Posted February. 28, 2017 06:59,   

Updated February. 28, 2017 07:04


Malaga in Spain is famous for a 339-kilometer coastal road in the Mediterranean Sea. Called the Costa del Sol, the road is visited by 18 million people per year, having a huge impact on the regional economy as it accounts for 35 percent of the Andalusian tourism industry.

At the 11th trade and investment promotion meeting on Monday, the government presented a development plan for a southern coastal route linking Goheung County in South Jeolla Province and Geoje City in South Gyeongsang Province, which is aimed at restoring the sluggish regional economy due to the downturn of the shipbuilding industry there. Another purpose is to develop Korea's key tourism brand that can help disperse foreign investors crowded in Seoul (78.7 percent) and Jeju (18.3 percent).

The key to this project is to develop a tourism course where visitors can stay longer. Tongyeong City in South Gyeongsang Province and Yeosu City in South Jeolla Province, which are included in the tourism course, are already very popular among Koreans. However, people tend to stay in just one of these places due to inconvenient traffic and lack of related tourism products.

The government will build bridges in four dead-end roads to create a 483-kilomter road potentially named "indigo roller road." Just like the national tourism road in Norway created along the coastal lines, the government will build a theme-oriented tourism course where visitors can enjoy fisheries villages and arts products. Various sightseeing is possible as cruise and flight tours will be vitalized that link various islands including Hallyeosudo.

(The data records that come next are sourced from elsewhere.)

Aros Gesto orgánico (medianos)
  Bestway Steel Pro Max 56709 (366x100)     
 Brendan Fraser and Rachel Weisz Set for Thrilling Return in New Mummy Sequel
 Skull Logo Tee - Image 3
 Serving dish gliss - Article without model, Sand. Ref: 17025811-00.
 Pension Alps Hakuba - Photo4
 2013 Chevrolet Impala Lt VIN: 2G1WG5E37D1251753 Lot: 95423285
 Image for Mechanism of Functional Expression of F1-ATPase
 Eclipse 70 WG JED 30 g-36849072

The project is also intended for urban regeneration. Many shipyards have been closed while construction plans are cancelled in Tongyeong, Geoje and Hadong in South Gyeongsang Province. As more schools are closing due to the aging population, the government plans to use these places as tourism infrastructure including lodging facilities. Malmö of Sweden is a good example, as the city has been changed into a start-up zone after replacing the area of shipbuilding with housing-commercial facilities. However, there are also concerns of the difficulty of the development. If specific tourism products become popular, other regional governments will rush to mimic, which could result in a loss of unique regional characteristics. For example, the south coastal "sun belt project" that started in 2010 resulted in so many lodging facilities in coastal areas. The lack of private investment and budget have also made it difficult to boost performance.

The Land, Infrastructure and Transport Ministry and the Trade, Industry and Energy Ministry are planning to expand infrastructure for environment-friendly cars. Two hundred complex rest areas installed with hydrogen and electric cars will be built by 2025 nationwide, while highway tolls will be lowered by up to 50 percent, which will be announced in the third quarter of this year.